- _PROMPT_: The listing below holds pictures; exclude them. Return exactly the lines from the one with "Used 2017 Chevrolet" through the one with "2015 TOYOTA RAV4".

- _RECORDS FOR PROCESSING_:
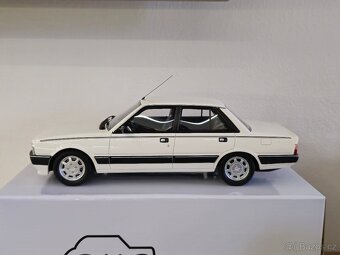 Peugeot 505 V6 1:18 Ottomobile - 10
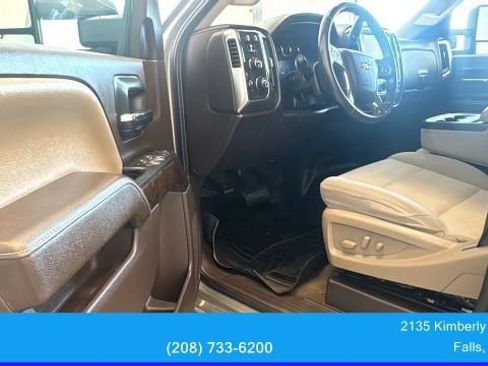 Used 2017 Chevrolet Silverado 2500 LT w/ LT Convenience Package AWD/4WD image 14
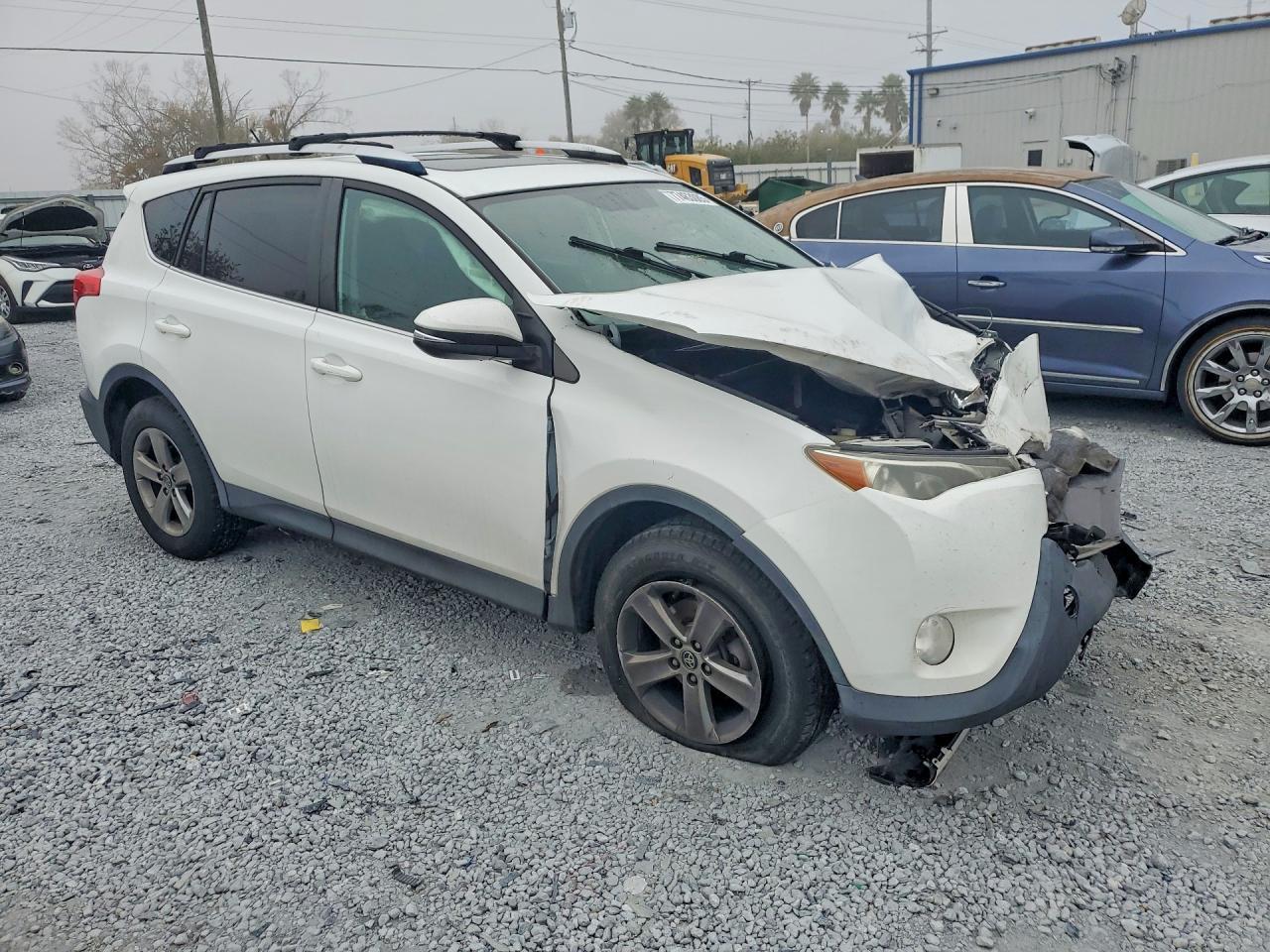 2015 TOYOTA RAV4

==

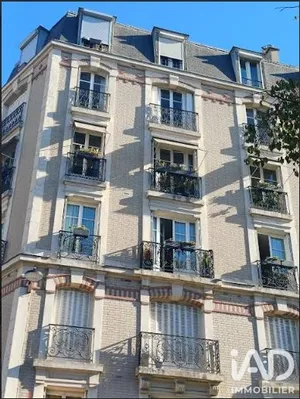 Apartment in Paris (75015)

* * *

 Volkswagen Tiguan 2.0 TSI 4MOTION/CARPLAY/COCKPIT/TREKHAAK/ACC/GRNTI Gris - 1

- _RESPONSE_:
 Used 2017 Chevrolet Silverado 2500 LT w/ LT Convenience Package AWD/4WD image 14
 2015 TOYOTA RAV4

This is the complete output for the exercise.